TASK DIRECTIONS
Beginning with the line containing "Ultraformer Banner" and going on through the line containing "Rabbit anti-EAAT3 Polyclonal Antibody", the lines below are to be returned exactly, pictures excluded and nothing added.

INPUT
■ ■ ■ ■ ■ ■ ■
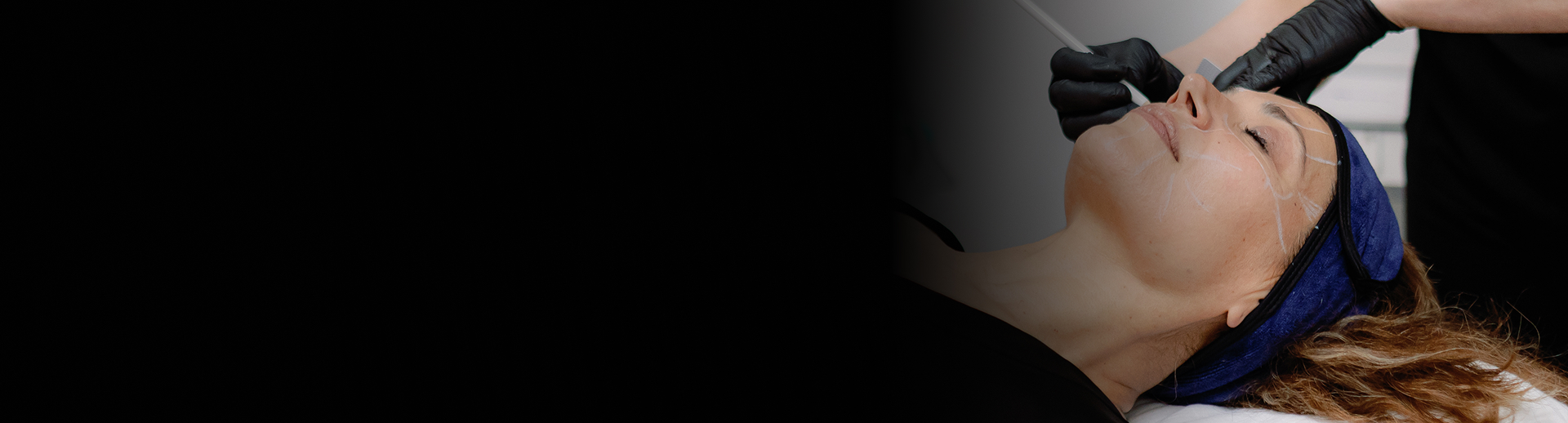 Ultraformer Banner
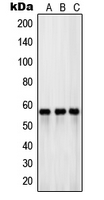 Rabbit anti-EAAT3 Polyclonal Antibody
■ ■ ■ ■ ■ ■ ■
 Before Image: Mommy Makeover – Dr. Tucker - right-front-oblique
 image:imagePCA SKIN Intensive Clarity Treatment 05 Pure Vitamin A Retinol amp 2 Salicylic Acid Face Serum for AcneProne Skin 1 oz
■ ■ ■ ■ ■ ■ ■
TASK RESULT
 Ultraformer Banner
 Rabbit anti-EAAT3 Polyclonal Antibody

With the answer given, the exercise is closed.